Notice

Au printemps 1956, l’exclusion de son établissement d’un élève ayant voulu s’asseoir à coté d’une élève européenne provoque une « grève » des autres élèves.

Les documents y faisant référence sont conservés aux Archives Nationales d’Outre-Mer, fonds du gouvernement général de l’Afrique équatoriale française, GG AEF 5D 234.

Extrait du bulletin d’information des services de sécurité de l’A.E.F du 15 février 1956, GGAEF 5D 234

La vie sociale – Oubangui-Chari

Bangui – a/s d’une grève de collégiens.

Le 27 janvier les écoliers africains du Collège Emile Gentil se sont mis en grève pour protester contre l’exclusion temporaire d’un de leurs camarades. Au moment du repas de midi, les demi-pensionnaires africains ont quitté le réfectoire sans manger et sont rentrés chez eux.

Conseillés par le jeune Pascal DARLAN neveu du Conseiller de l’Union Française, les collégiens ont fait intervenir les parlementaires à qui ils ont au préalable exposé les griefs qui ont motivé leur départ.
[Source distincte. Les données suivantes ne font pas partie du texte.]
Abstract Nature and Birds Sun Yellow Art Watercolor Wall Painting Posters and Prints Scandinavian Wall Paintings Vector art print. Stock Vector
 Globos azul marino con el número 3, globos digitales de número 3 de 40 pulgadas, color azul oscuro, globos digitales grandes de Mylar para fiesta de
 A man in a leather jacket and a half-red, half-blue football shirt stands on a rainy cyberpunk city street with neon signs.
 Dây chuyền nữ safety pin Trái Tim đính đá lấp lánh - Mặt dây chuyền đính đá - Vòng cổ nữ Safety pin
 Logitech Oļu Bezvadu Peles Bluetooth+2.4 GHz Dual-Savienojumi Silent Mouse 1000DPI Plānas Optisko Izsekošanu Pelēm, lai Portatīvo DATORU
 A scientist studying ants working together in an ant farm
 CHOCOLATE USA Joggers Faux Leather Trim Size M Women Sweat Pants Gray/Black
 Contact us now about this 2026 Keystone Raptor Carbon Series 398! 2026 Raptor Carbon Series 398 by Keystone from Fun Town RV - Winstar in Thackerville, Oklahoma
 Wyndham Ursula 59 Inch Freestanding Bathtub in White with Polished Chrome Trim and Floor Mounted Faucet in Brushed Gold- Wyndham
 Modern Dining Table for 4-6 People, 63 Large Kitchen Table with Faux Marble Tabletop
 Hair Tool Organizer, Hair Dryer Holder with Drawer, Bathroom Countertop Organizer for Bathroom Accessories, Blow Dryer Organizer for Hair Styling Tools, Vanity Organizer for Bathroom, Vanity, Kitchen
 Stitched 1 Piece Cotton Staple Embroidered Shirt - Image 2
Les nombreuses raisons invoquées, pour la plupart non fondées et empreintes d’un certain racisme, font ressortir l’état d’esprit des « meneurs » de la grève.

Malgré les interventions du député BOGANDA et du Conseiller Antoine DARLAN, seuls une trentaine d’élèves ont repris les cours dans l’après-midi du 30 janvier. Le 31 janvier, le nombre des présents est tombé à 19.

Il ne fait aucun doute que, dans cette manifestation, la grande majorité des élèves, a suivi par crainte de représailles, la loi de quelques meneurs. La plupart des parents ou correspondants ignoraient que leurs enfants avaient quitté le collège. Ils ne l’ont appris qu’en recevant du Directeur une demande d’explications sur les causes de l’absence de leurs enfants.

L’opinion publique européenne juge sévèrement la conduite de ces « gamins » qui ont fait intervenir les parlementaires du Territoire, alors que les parents se désintéressent totalement de leur activité scolaire.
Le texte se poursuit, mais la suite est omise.